** Data shown follows **

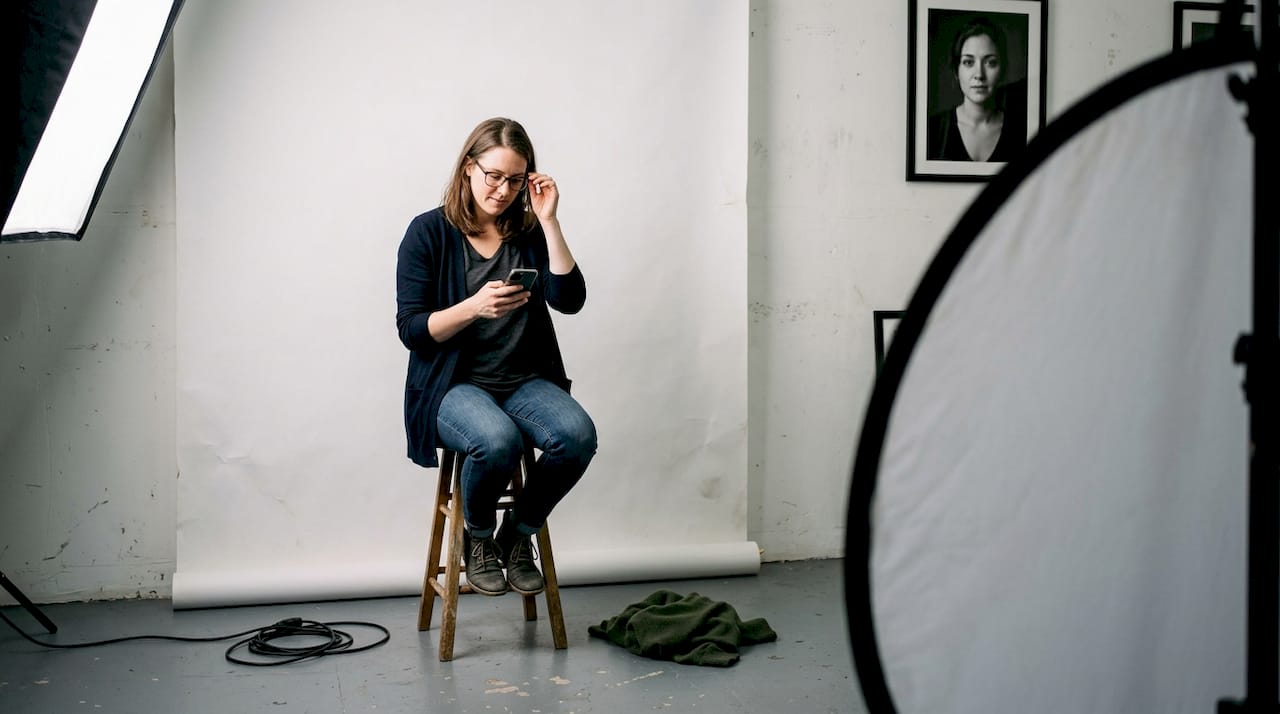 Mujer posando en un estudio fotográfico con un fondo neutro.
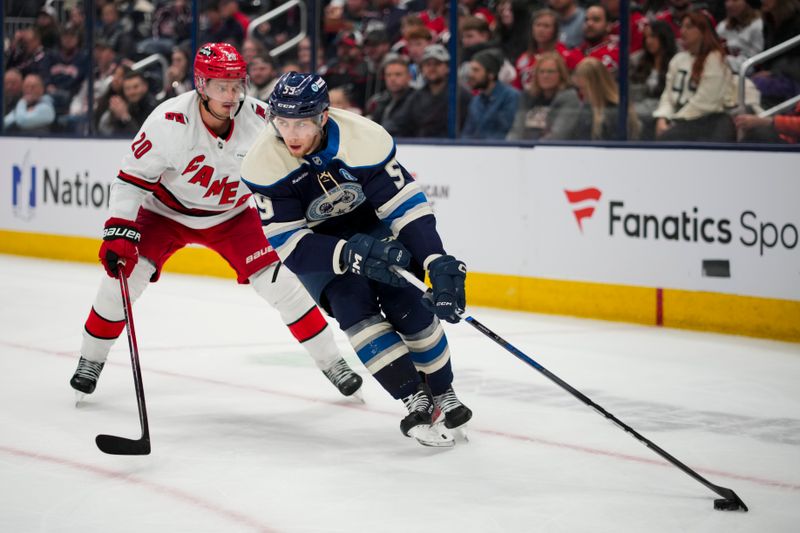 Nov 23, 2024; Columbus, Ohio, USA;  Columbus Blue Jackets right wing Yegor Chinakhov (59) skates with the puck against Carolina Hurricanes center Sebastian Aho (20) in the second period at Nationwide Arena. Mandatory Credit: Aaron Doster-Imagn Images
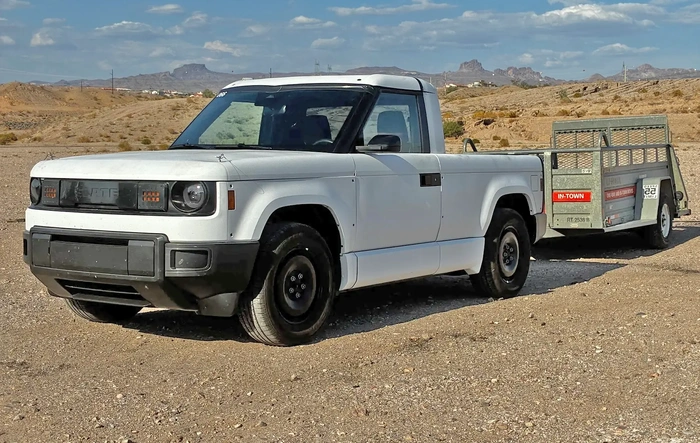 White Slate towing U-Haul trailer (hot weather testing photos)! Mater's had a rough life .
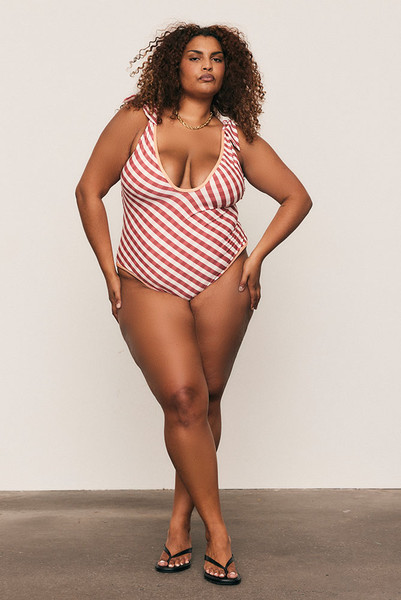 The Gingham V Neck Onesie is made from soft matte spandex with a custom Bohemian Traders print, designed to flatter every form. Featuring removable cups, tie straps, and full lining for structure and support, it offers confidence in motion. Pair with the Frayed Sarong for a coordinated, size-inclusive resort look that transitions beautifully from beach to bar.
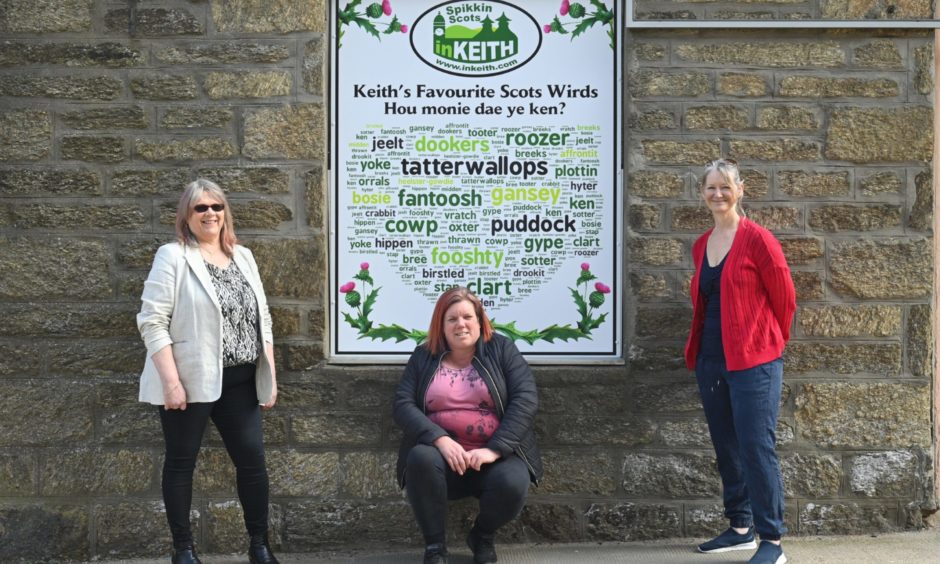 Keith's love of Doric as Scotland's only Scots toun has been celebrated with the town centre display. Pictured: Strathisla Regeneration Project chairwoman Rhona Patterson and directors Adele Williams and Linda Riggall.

** End of Data shown **
** Data shown follows **

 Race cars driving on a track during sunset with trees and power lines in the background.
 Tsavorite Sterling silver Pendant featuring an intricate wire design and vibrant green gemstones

** End of Data shown **
** Data shown follows **

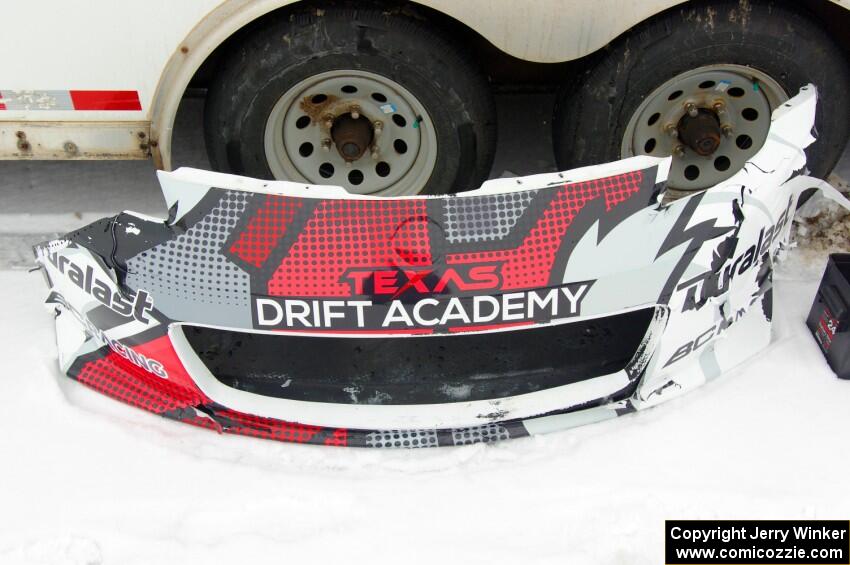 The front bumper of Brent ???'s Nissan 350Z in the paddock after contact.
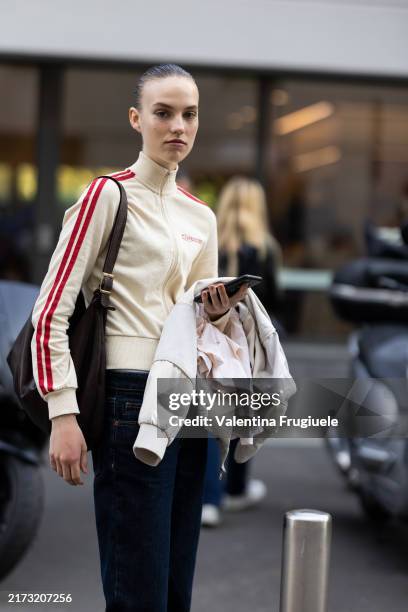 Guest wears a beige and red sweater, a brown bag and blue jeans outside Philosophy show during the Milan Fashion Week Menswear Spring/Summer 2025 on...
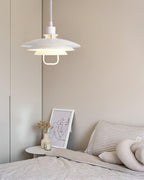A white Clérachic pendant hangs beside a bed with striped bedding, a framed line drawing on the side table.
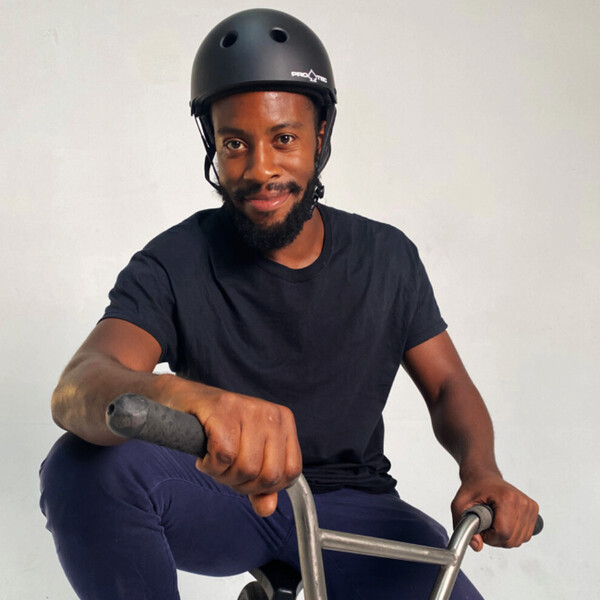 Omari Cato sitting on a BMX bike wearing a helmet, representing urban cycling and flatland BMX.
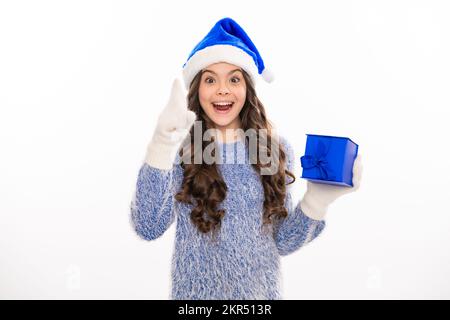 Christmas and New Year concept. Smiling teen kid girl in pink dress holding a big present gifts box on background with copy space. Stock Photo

** End of Data shown **

### What is required
In the data above, find the line with "Mujer posando en" and the line with "Nov 23, 2024;". Please copy exactly those two lines and every line between them, but not the pictures.

### Answer below
 Mujer posando en un estudio fotográfico con un fondo neutro.
 Nov 23, 2024; Columbus, Ohio, USA;  Columbus Blue Jackets right wing Yegor Chinakhov (59) skates with the puck against Carolina Hurricanes center Sebastian Aho (20) in the second period at Nationwide Arena. Mandatory Credit: Aaron Doster-Imagn Images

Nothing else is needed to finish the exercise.